- What you will do
Every record gets copied exactly, and no picture goes with it.
Dataset records Start Marker
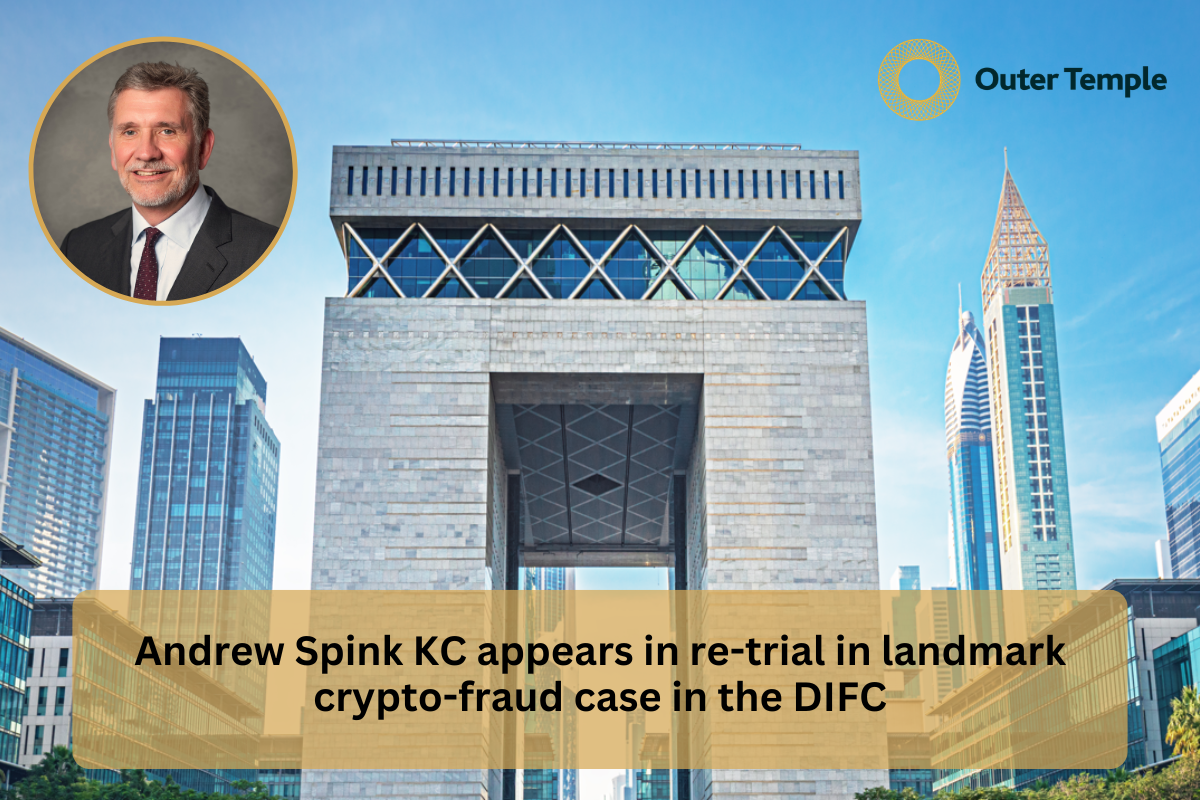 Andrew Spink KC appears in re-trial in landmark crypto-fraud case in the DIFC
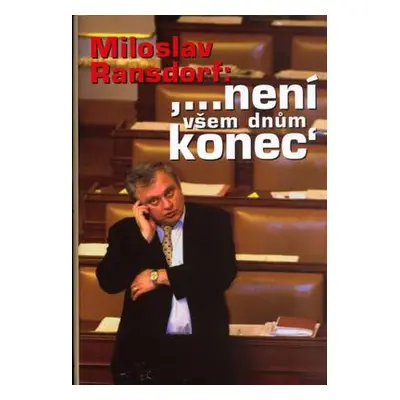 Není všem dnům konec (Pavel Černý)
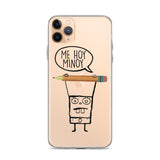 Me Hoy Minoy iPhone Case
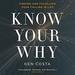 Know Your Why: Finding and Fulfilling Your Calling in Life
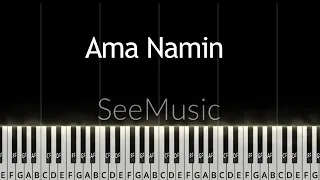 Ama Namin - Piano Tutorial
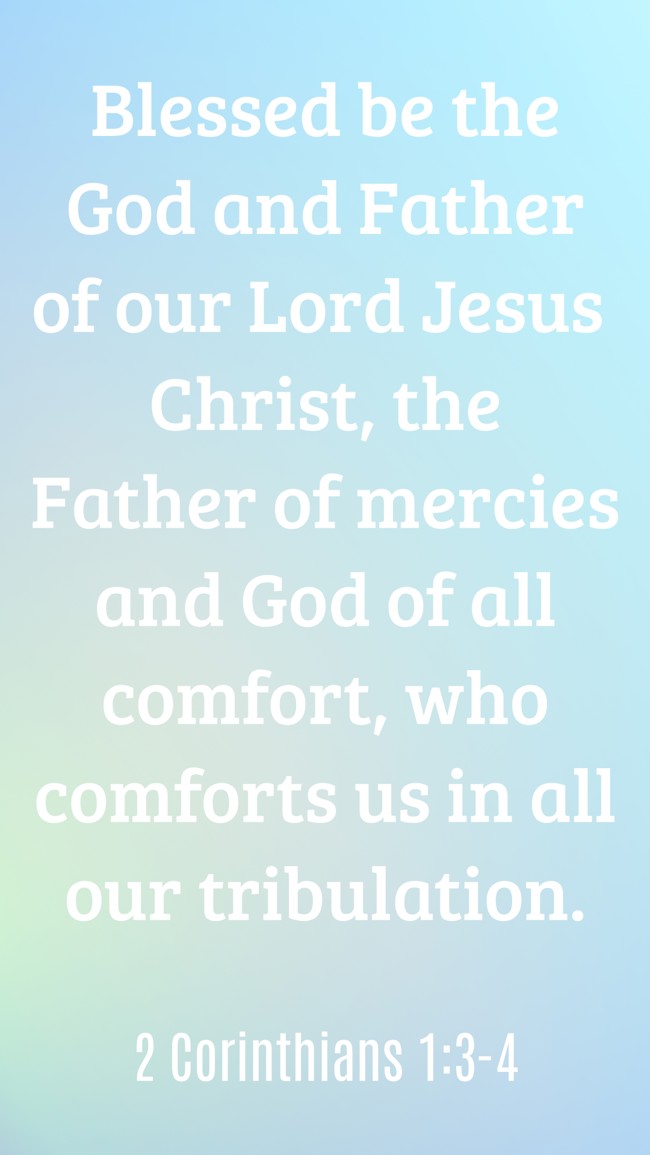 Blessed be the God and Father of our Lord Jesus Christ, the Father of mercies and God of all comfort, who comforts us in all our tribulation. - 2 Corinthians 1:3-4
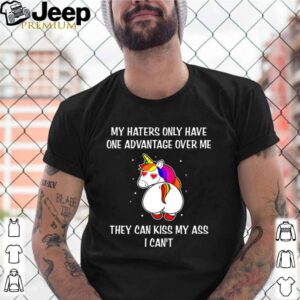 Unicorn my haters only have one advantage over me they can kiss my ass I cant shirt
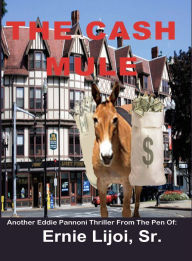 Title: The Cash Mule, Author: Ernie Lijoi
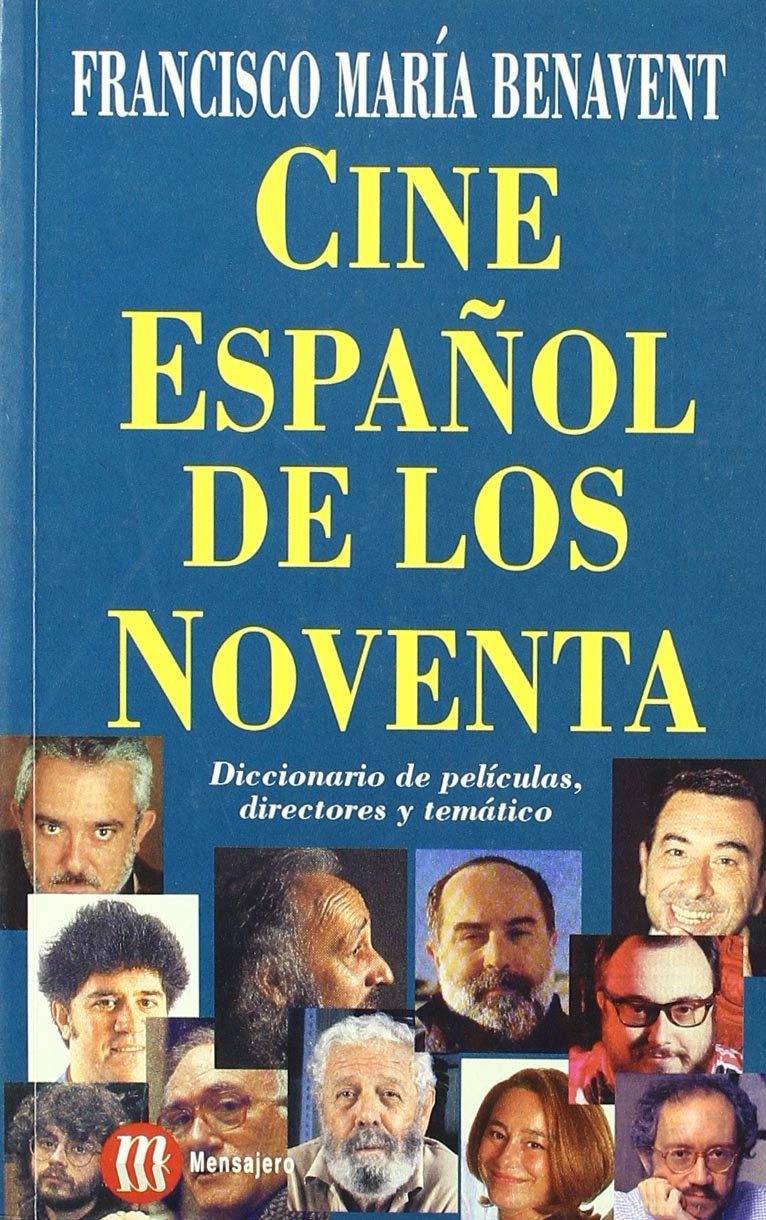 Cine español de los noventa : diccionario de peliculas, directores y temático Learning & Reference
Dataset records End Marker
- Result of the task
 Andrew Spink KC appears in re-trial in landmark crypto-fraud case in the DIFC
 Není všem dnům konec (Pavel Černý)
 Me Hoy Minoy iPhone Case
 Know Your Why: Finding and Fulfilling Your Calling in Life
 Ama Namin - Piano Tutorial
 Blessed be the God and Father of our Lord Jesus Christ, the Father of mercies and God of all comfort, who comforts us in all our tribulation. - 2 Corinthians 1:3-4
 Unicorn my haters only have one advantage over me they can kiss my ass I cant shirt
 Title: The Cash Mule, Author: Ernie Lijoi
 Cine español de los noventa : diccionario de peliculas, directores y temático Learning & Reference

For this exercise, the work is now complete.